Can the lines below, from the one that holds "6. 5 Blood Typing" to the very end, be echoed exactly, with both ends included and no pictures?

> [Given material]
——
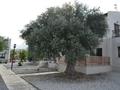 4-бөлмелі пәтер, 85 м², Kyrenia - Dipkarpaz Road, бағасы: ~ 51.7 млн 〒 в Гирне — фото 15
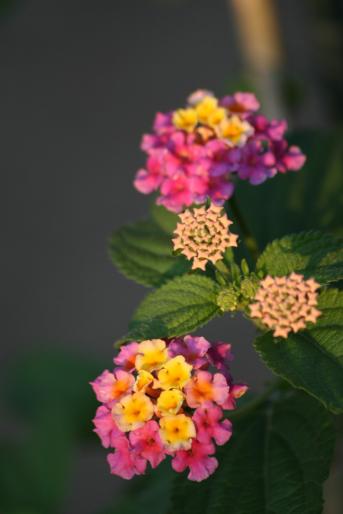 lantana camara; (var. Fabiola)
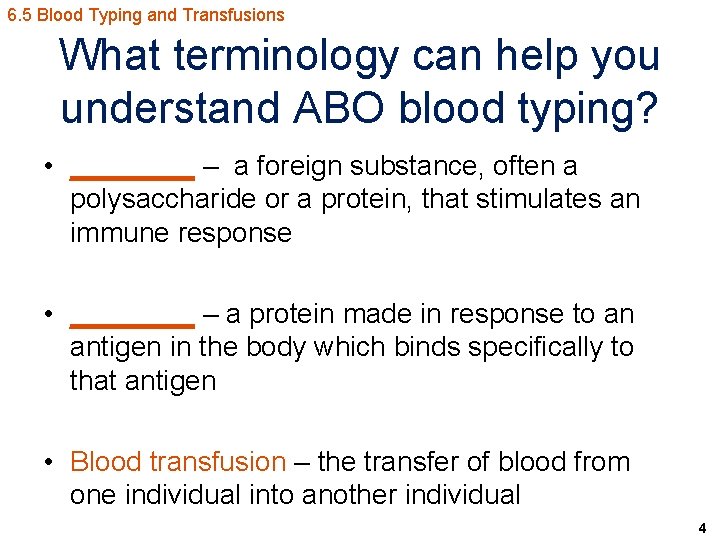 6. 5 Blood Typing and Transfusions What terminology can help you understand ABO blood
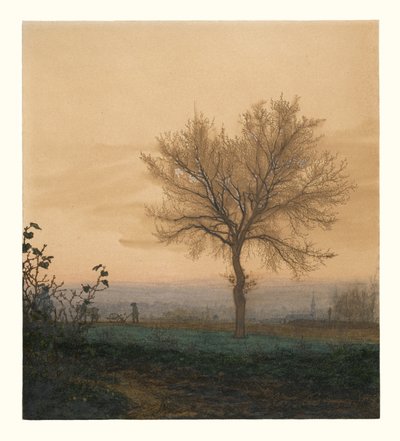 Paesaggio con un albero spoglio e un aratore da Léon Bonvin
——
> [Task output]
 6. 5 Blood Typing and Transfusions What terminology can help you understand ABO blood
 Paesaggio con un albero spoglio e un aratore da Léon Bonvin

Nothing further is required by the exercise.